Text-to-region grounding data:
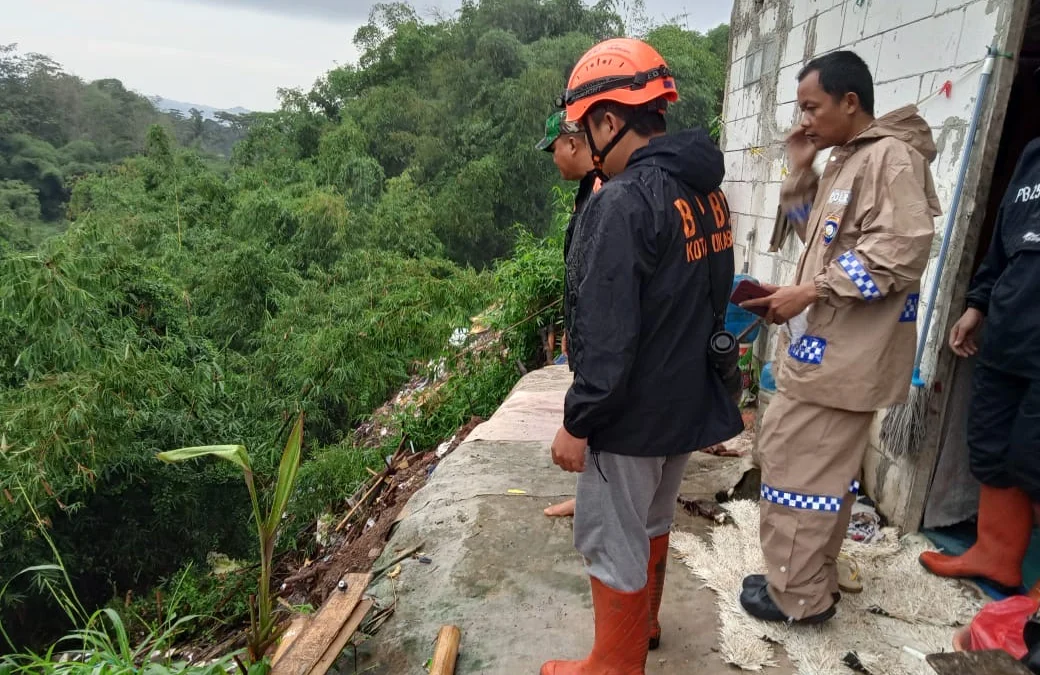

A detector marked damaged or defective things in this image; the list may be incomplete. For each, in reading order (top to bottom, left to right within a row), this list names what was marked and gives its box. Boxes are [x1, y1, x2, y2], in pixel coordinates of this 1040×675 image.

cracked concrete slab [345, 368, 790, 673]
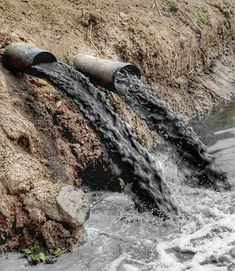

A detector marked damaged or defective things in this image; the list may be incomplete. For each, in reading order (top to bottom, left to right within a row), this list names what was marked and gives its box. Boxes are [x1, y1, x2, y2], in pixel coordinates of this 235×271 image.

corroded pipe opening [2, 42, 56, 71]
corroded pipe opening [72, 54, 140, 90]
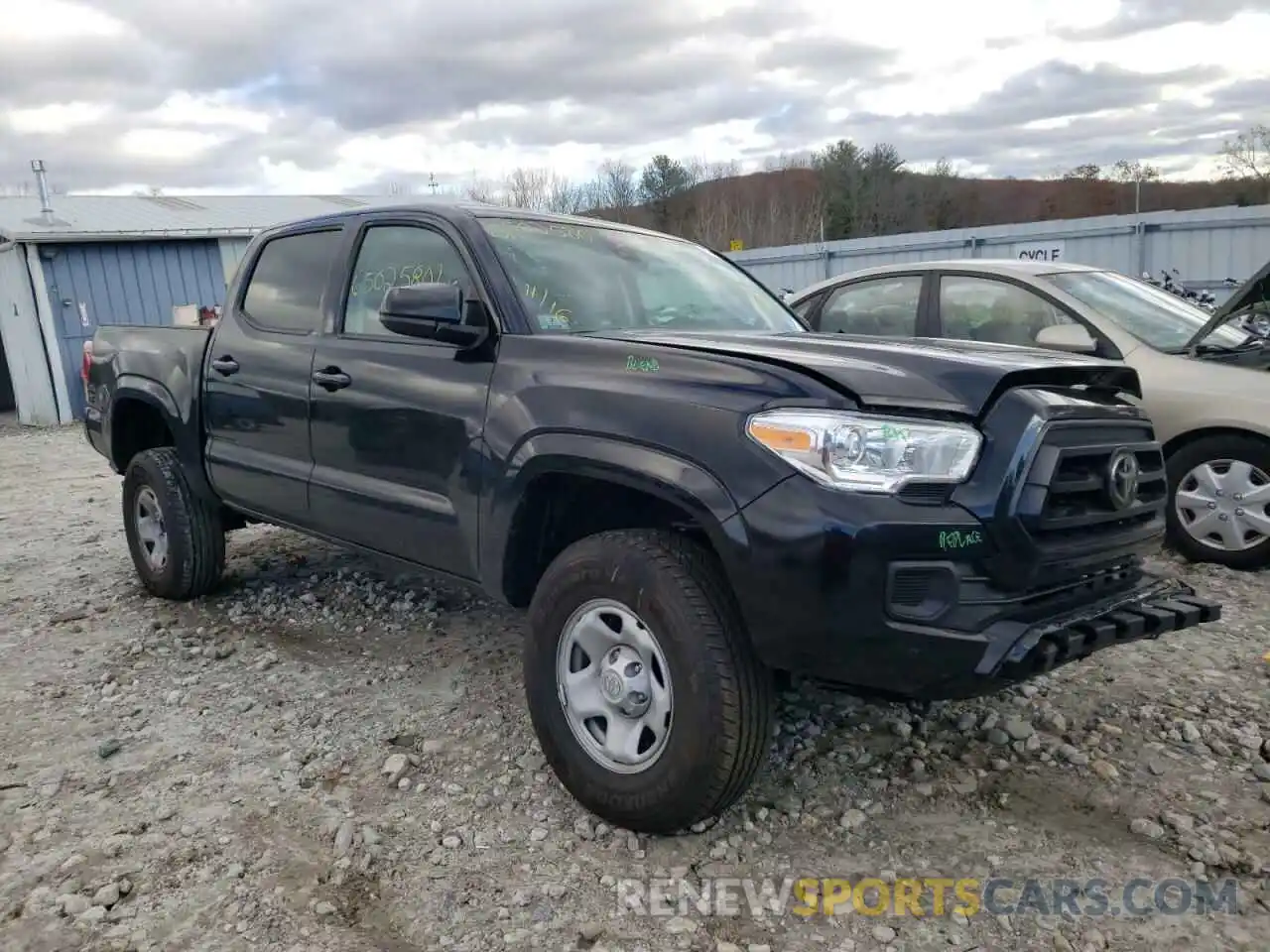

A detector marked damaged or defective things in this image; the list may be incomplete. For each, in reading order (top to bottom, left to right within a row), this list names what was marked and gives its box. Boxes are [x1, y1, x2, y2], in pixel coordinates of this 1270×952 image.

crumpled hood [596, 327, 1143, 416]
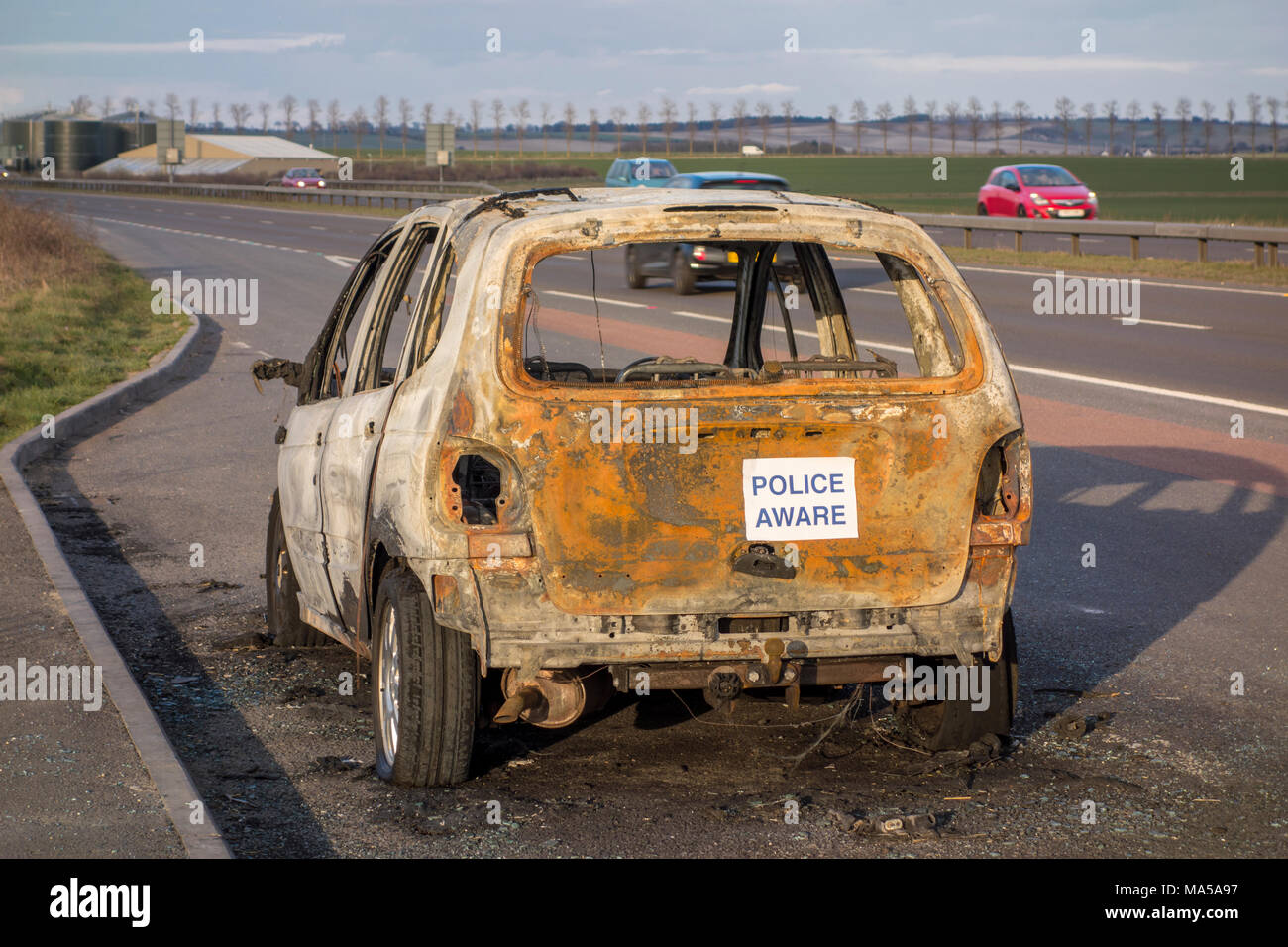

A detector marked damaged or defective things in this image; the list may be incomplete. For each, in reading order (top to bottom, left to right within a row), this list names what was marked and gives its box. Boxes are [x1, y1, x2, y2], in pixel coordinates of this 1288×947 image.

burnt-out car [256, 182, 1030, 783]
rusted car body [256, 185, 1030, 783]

WHAT YOU SHOULD DO: Write the lines from the one containing "this 1270×952 image." through the end of the data above exactly as they appear, and do not carry over any picture.

TASK SOLUTION:
A detector marked damaged or defective things in this image; the list may be incomplete. For each, in reading order (top to bottom, left to right within a row), this list names what was marked and gives its box. Boxes are [x1, y1, x2, y2], in pixel coordinates of this 1270×952 image.

crumpled hood [596, 327, 1143, 416]

A detector marked damaged or defective things in this image; the list may be incomplete. For each, in reading order (top to bottom, left to right within a row), this list names what was marked and gives its box. Boxes are [x1, y1, x2, y2], in pixel coordinates of this 1288×947 image.

burnt-out car [256, 182, 1030, 783]
rusted car body [256, 185, 1030, 783]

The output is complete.